Antagonists to Dpp/Bmp may act at the level either of sequestering the ligand itself or of acting upon its receptor. They take the form of large proteins Xchordin, noggin, follistatin in Xenopus. They induce neural tissue by inhibiting Bmp4 action. The antagonists themselves may be regulated, typically by proteolysis. Inactive Bmp/chordin complexes are cleaved by the protease Xolloid to release active Bmp.

Figure 29.20 The TGFb/Bmp signaling pathway is conserved in evolution. The ligand may be sequestered by an antagonist, which is cleaved by a protease. Ligand binds to a dimeric receptor, causing the phosphorylation of a specific Smad, which together with a Co-Smad translocates to the nucleus. to activate gene expression.

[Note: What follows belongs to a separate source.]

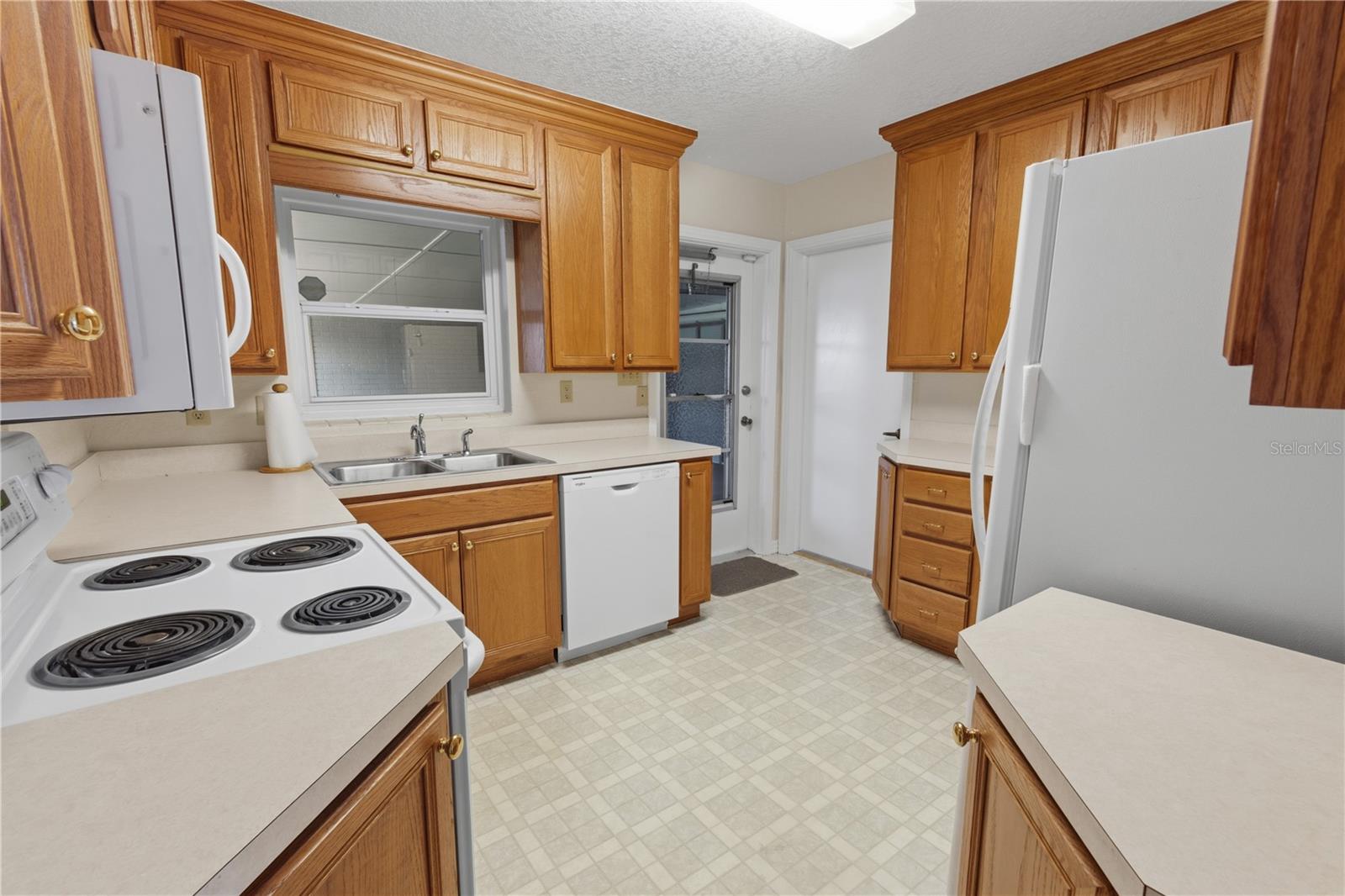 Image 13 of 44 For 2425 Burns Avenue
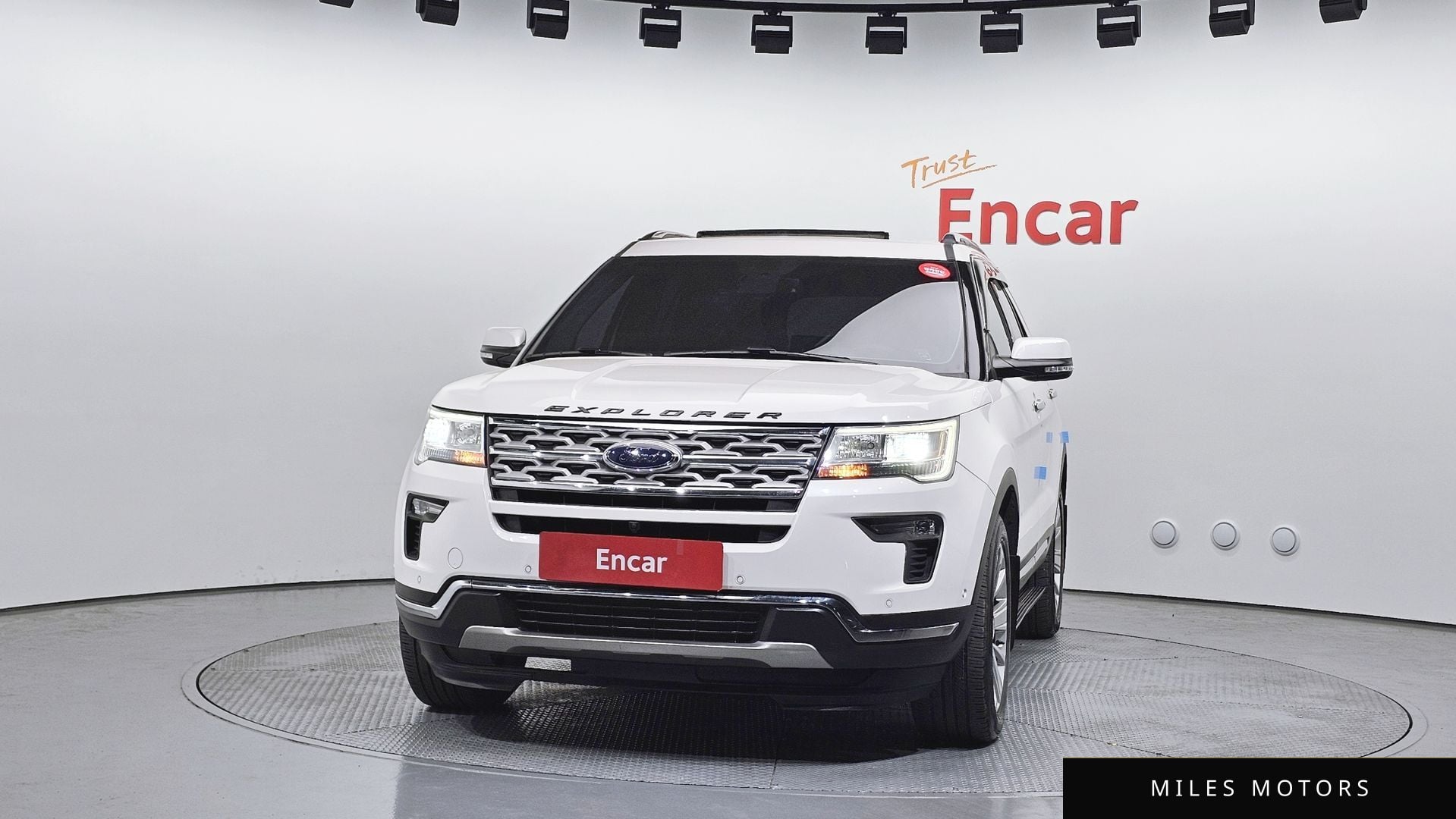 Ford Explorer 2019 — миниатюра 3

Figure 29.20 compares the pathways in fly and frog. The fly pathway is well characterized for dorsal-ventral development. Mutants in sog and tolloid suggest that their products antagonize and assist Dpp, respectively. The biochemical reactions actually have been better characterized for the corresponding frog proteins (Chordin is related to Sog). Frogs may have several such pathways, with a variety of Bmp ligands that interact in an overlapping manner with a family of receptors. The frog pathway shown in the figure is for the ventralizing effects of Bmp4, but the others are similar, although their specific effects on morphogenetic determination are of course different. There can be variation in specificity at each stage of the pathway. The antagonists, ligands, and receptors may be expressed in different places and times, providing specificity with regard to local concentrations of the morphogen, but there may also be partial redundancy. Both noggin and chordin must be knocked out in mouse to produce a phenotype. Each receptor has specificity for certain Smads, so that different target genes can be activated in different tissues.